Problem to solve:
Restate the last part of the records below word for word, beginning at the line with "firefighter climbing a" and ending at the final line.

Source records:
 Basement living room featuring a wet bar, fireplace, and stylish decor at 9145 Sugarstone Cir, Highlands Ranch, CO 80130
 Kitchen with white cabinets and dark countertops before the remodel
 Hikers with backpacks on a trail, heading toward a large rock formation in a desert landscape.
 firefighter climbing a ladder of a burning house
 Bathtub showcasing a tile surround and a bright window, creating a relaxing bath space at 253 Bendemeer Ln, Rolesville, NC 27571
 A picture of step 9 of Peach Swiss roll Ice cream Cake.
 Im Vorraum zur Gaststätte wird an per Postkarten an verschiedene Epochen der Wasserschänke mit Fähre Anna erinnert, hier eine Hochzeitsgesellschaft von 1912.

Exercise output:
 firefighter climbing a ladder of a burning house
 Bathtub showcasing a tile surround and a bright window, creating a relaxing bath space at 253 Bendemeer Ln, Rolesville, NC 27571
 A picture of step 9 of Peach Swiss roll Ice cream Cake.
 Im Vorraum zur Gaststätte wird an per Postkarten an verschiedene Epochen der Wasserschänke mit Fähre Anna erinnert, hier eine Hochzeitsgesellschaft von 1912.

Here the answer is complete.